How to determine the result of assigning a multi-character constant char to a char variable?

Question

Why does the char variable get 'b' from assigning 'ab' instead of 'a'?

char c = 'ab';

printf("c: %c\n", c);

Print

c: b

+5

Victor s Jul 31 '12 at 9:45

5 answers

According to the standard, this implementation is defined. From 6.4.4.4 Character constants:

int. , , , . , (, 'ab') escape-, , .

+10

hmjd 31 . '12 9:50

C11 (§6.4.4.4 " " al10 p69):

10 - [...] , (, 'ab') escape-, , . [...]

+5

md5 31 . '12 9:50

'ab' int, char .

+1

ouah 31 . '12 9:49

: , , . , OP , , "b" "a" . , .

byte order. That is why you get "b" instead of "a". Because of how it is represented in your machine memory.
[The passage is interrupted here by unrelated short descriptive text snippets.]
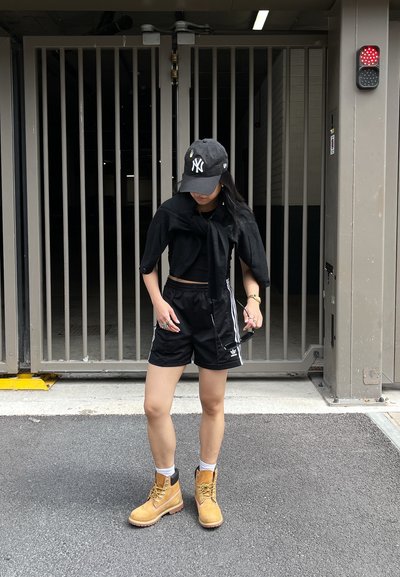 Top corto negro y pantalones cortos, botas de trabajo color tostado con acentos negros, sosteniendo gafas de sol. De pie frente a una entrada con reja.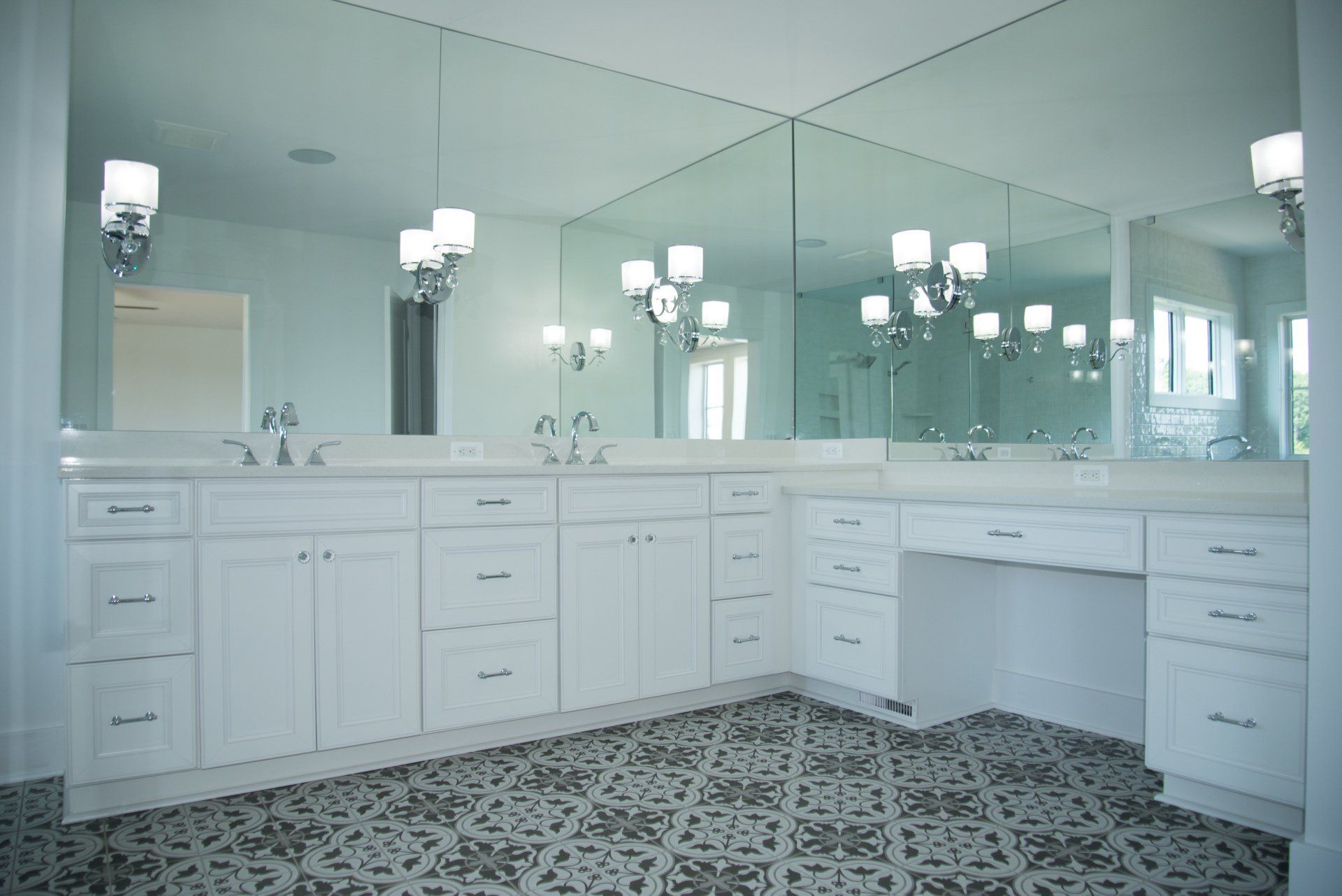 A bathroom with two sinks and a large mirror.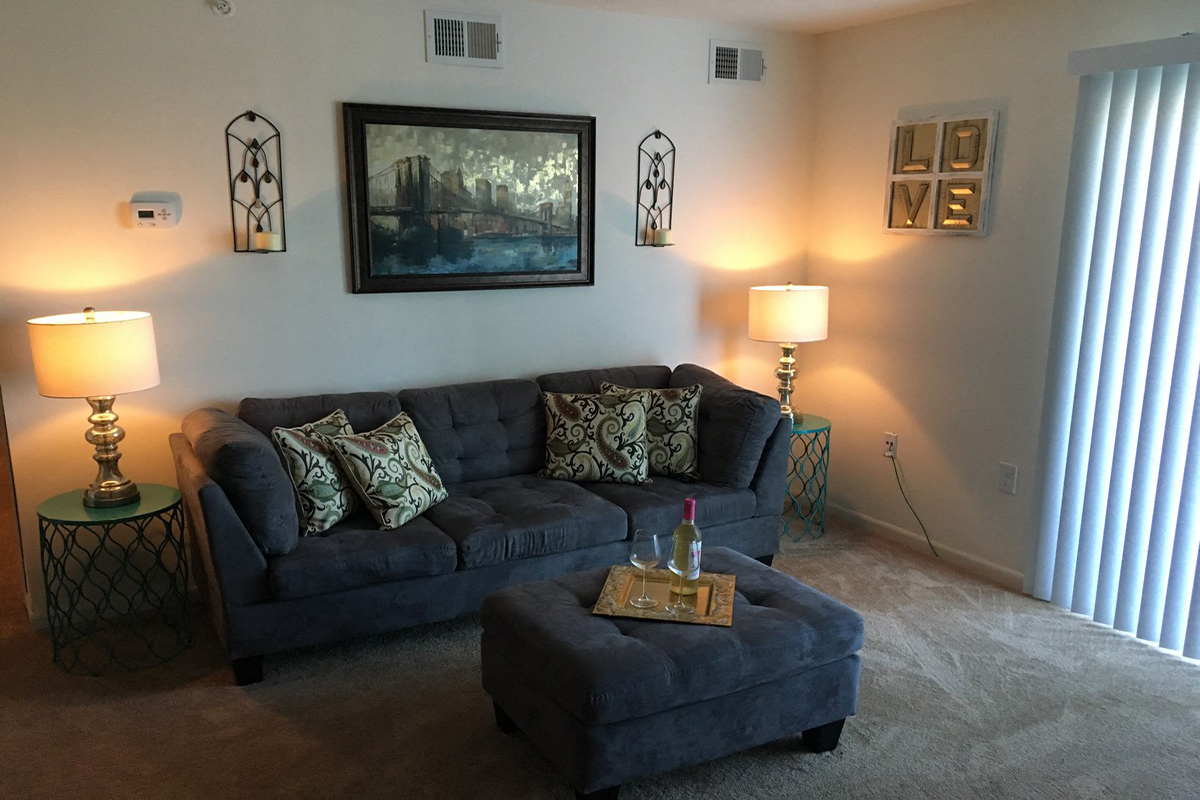 a living room with a couch and a coffee table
And your car is probably not numerous.

Try this on sparc or on mipsbe or on your hand, and you can get "a" instead of "b".

In any case, I hope you are not dependent on this for the actual production code.

-1

Paul irofti Jul 31 '12 at 10:55

SKi · Accepted Answer · 2012-07-31T10:29:26+0000

This is an implementation defined as earlier answers already say.

My gcc treats 'ab' as an int. The following code:

printf( "sizeof('ab') = %zu \n", sizeof('ab') );
printf( "'ab' = 0x%08x \n", 'ab' );
printf( "'abc' = 0x%08x \n", 'abc' );

prints:

sizeof('ab') = 4
'ab' = 0x00006162
'abc' = 0x00616263

In your code, the line:

char c = 'ab';

It can be considered as:

char c = (char)(0x00006162 & 0xFF);

So c gets the value of the last char from 'ab'. In this case, it is "b" (0x62).